[open-science] Open access, scholarship and business

Nick Barnes nb at climatecode.org
Mon Dec 12 23:15:51 UTC 2011

On Mon, Dec 12, 2011 at 18:30, Heather Morrison <heatherm at eln.bc.ca> wrote:

> More broadly, there are many who critique the neoliberal (free market) ideology of the past few decades. Since the global financial crisis of 2008, my understanding is that even some of the intellectual founders are now questioning the wisdom of this approach. The reason that this is pertinent to the present discussion on CC-BY licenses and public funding is that many of our arguments (e.g. return on investment in public funding) are very much imbued with neoliberal ideology. In some areas, this may be necessary to work with local funders and administrators, if this is all that they understand. Then too, some OA advocates may well be proponents of free market liberalism.

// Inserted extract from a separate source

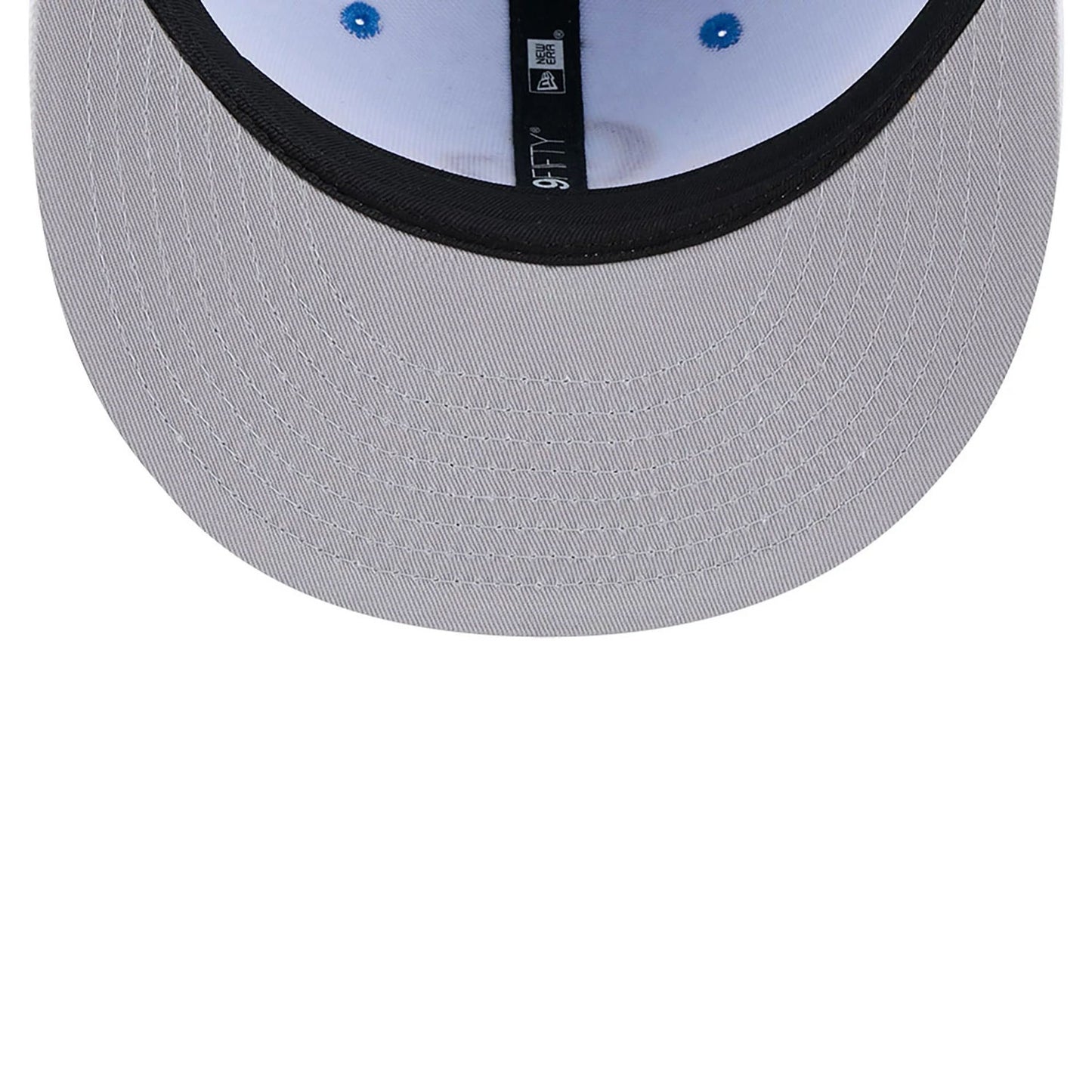 This is a Colorado Rockies Winter Photoreal Blue 9FIFTY Snapback Cap 2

However, not every open access advocate is a supporter of neoliberalism, and in some places there may be opportunities to push for BOTH the public good AND open access, for example through arguments centered around the public interest rather than ROI. I don't think that consensus on these political economic issues is possible, or even desirable, for the open access movement. I do think that it is important to understand that we have this diversity.

In my experience, OA advocates tend to be opponents, rather than
proponents, of free-market neo-liberalism.